L’erreur motrice de l’histoire

Dans la dernière partie du texte, Foucault cautionne la thèse du discontinuisme en épistémologie. Les progrès scientifiques ne peuvent procéder que par « saut », car ils ne sont jamais que le reflet à l’échelle de l’histoire du principe de la vie, d’une évolution par mutation soudaine. Les hypothèses du XVIIe siècle sur le progrès continu des sciences, hypothèse soutenue par exemple par Pascal dans sa Préface au Traité du vide, manquent la dimension essentielle de ce qui fait le progrès de l’humanité : l’erreur comme moteur des connaissances.

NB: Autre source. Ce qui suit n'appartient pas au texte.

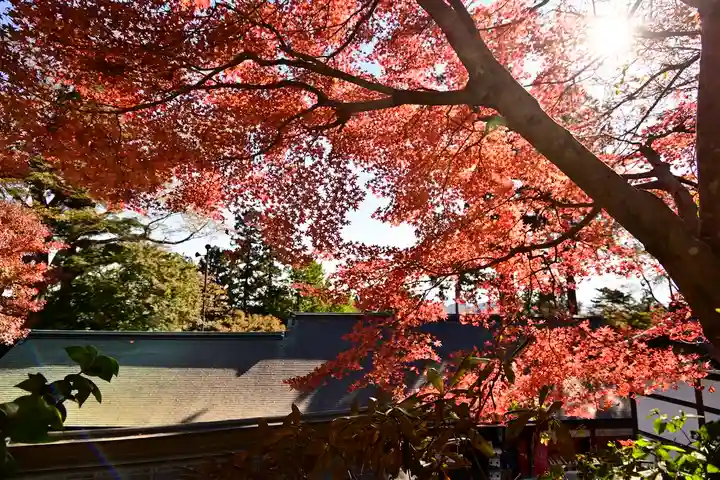 高尾山薬王院の自然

Foucault y insiste : l’erreur n’est pas ce qui attend d’être rectifié par la découverte de la vérité, mais le surgissement d’une hypothèse qui a sa valeur en elle-même comme toute espèce nouvelle, fut-elle une anomalie à nos yeux.

Vos réactions

Explication de Texte

Le corrigé se rapporte trop au connaissance de Foucault je pense que peut de gens on fait des choses dans ce genre peut être un corrigé plus simple peut être proposé.

Texte de TS

Votre corrigé est une plaisanterie s'il s'adresse à un élève de terminale et non pas à un collègue agrégé.... Les termes employés ne sont pas ceux maîtrisés par un élève d'un lycée : le "paradigme", le débat Canguilhem/fFoucault, le "discontinuisme en épistémologie"... Et on ne leur en demande pas tant. C'est pourquoi ce texte était scandaleusement incompréhensible. Rappelons que les scientifiques n'ont que 3 heures de cours par semaine.